[LU-767] OSS takes over all resources and STONITHs it's cluster partner without any warning Created: 17/Oct/11 Updated: 16/Feb/12 Resolved: 16/Feb/12 |
|
| Status: | Resolved |
| Project: | Lustre |
| Component/s: | None |
| Affects Version/s: | None |
| Fix Version/s: | None |
| Type: | Bug | Priority: | Minor |
| Reporter: | David Martin (Inactive) | Assignee: | Cliff White (Inactive) |
| Resolution: | Fixed | Votes: | 0 |
| Labels: | None | ||
| Environment: |
Lustre 1.8.0.1 running on Red Hat Linux Enterprise 5.3 using Linux High Availability Heartbeat version 2.1.4-4.1 |
||
| Severity: | 2 |
| Rank (Obsolete): | 6542 |
| Description |
|
We experienced an issue where an OSS took over the resources of it's cluster partner and then initiated a STONITH event and reset the partner without any notification that the event was going to happen. According to our log files for the network, the MDS, and the OSS', there appeared to be nothing wrong with the OSS that was reset. We are trying to determine why this may have happened and would like to request any assistance you may be able to provide. We have the ha.cf file configured as follows sending unicast packets only between the cluster partners: keepalive 6 The keepalives are being sent through two interfaces. One is through an Infiniband switch and the other is a direct ethernet connection using a crossover cable between the two devices. Would upgrading to the most current Linux-HA version possibly remediate this issue or do you think it would cause other issues due to the current Lustre and Linux OS versions we are using?
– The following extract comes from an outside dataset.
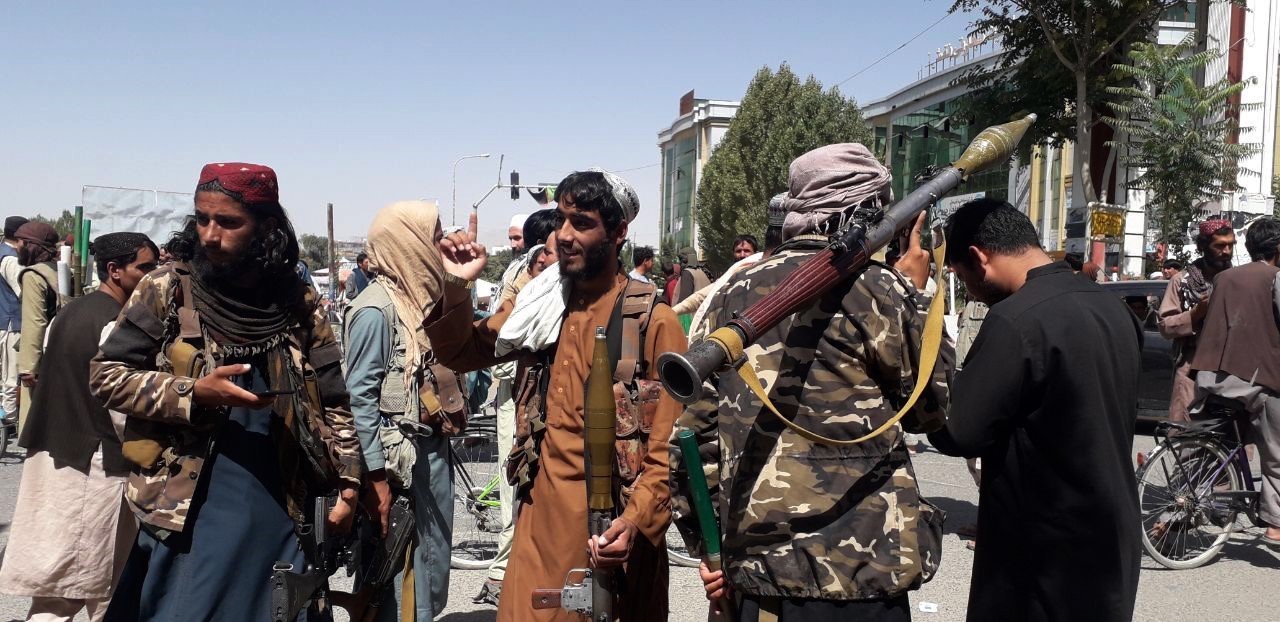 Các tay súng Taliban tại thành phố Ghazni, Afghanistan, ngày 12/8/2021. Ảnh: THX/TTXVN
Any assistance you can provide would be greatly appreciated. Thank you. |
| Comments |
| Comment by Peter Jones [ 17/Oct/11 ] |
|
Cliff Could you please advise on this one? Thanks Peter |
| Comment by David Martin (Inactive) [ 17/Oct/11 ] |
|
Thanks Peter! |
| Comment by Cliff White (Inactive) [ 17/Oct/11 ] |
|
The current Linux-HA should be fine. Lustre requires nothing especially fancy from failover, we work with anything that can manage a Filesystem resource.
|
| Comment by David Martin (Inactive) [ 18/Oct/11 ] |
|
Cliff, We do not have any other monitoring setup beyond Heartbeat. We did check the linux-ha logs and there was no indication of what happened. However, I'm not so sure we have our logging level set that would provide a verbose enough log. Do you have a recommendation as to what level we should be logging? Dave |
| Comment by Cliff White (Inactive) [ 19/Oct/11 ] |
|
I used to use level 3 as default for debug logs, basically I would tail -f the log file, and adjust according to how much goop is spewed. |
| Comment by Cliff White (Inactive) [ 25/Jan/12 ] |
|
What is your current state? Is this still an issue? |
| Comment by David Martin (Inactive) [ 16/Feb/12 ] |
|
Cliff, We have not had a re-occurrence of this issue. We believe it may be a stability issue with 1.8.0.1 and RedHat 5.3. We are looking at upgrading to 1.8.6. Thanks. |
| Comment by Cliff White (Inactive) [ 16/Feb/12 ] |
|
Okay, I will close this issue, please re-open if you have further information. |